**** INPUT DATA
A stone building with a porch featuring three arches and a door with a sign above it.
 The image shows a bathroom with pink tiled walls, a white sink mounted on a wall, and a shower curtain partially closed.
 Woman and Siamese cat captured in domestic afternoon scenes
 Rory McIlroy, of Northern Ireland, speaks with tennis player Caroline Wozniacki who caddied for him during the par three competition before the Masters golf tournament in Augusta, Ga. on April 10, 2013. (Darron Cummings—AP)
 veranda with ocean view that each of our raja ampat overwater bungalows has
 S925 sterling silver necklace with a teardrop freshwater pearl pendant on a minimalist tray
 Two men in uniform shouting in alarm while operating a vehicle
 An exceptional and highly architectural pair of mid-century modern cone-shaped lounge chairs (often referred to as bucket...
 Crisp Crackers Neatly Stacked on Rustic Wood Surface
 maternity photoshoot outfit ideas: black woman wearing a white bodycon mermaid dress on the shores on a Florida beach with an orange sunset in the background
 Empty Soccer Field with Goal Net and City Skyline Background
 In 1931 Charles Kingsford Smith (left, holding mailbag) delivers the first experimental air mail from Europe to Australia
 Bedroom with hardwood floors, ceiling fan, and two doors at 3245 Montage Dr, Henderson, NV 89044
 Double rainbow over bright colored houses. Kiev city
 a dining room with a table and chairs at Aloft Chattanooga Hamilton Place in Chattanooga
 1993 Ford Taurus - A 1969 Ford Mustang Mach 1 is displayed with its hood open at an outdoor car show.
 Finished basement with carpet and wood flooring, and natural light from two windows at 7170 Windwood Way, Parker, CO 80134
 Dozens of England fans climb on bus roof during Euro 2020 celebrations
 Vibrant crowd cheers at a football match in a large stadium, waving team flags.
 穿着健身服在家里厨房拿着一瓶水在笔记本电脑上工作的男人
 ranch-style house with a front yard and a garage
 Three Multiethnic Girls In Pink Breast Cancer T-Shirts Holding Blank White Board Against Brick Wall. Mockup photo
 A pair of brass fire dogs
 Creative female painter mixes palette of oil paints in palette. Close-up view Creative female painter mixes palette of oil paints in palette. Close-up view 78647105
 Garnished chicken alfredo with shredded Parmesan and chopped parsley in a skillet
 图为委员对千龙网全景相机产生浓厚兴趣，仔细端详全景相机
********
Please reply with an exact copy of the lines above, starting at the first and ending at the line that holds "Woman and Siamese".

A stone building with a porch featuring three arches and a door with a sign above it.
 The image shows a bathroom with pink tiled walls, a white sink mounted on a wall, and a shower curtain partially closed.
 Woman and Siamese cat captured in domestic afternoon scenes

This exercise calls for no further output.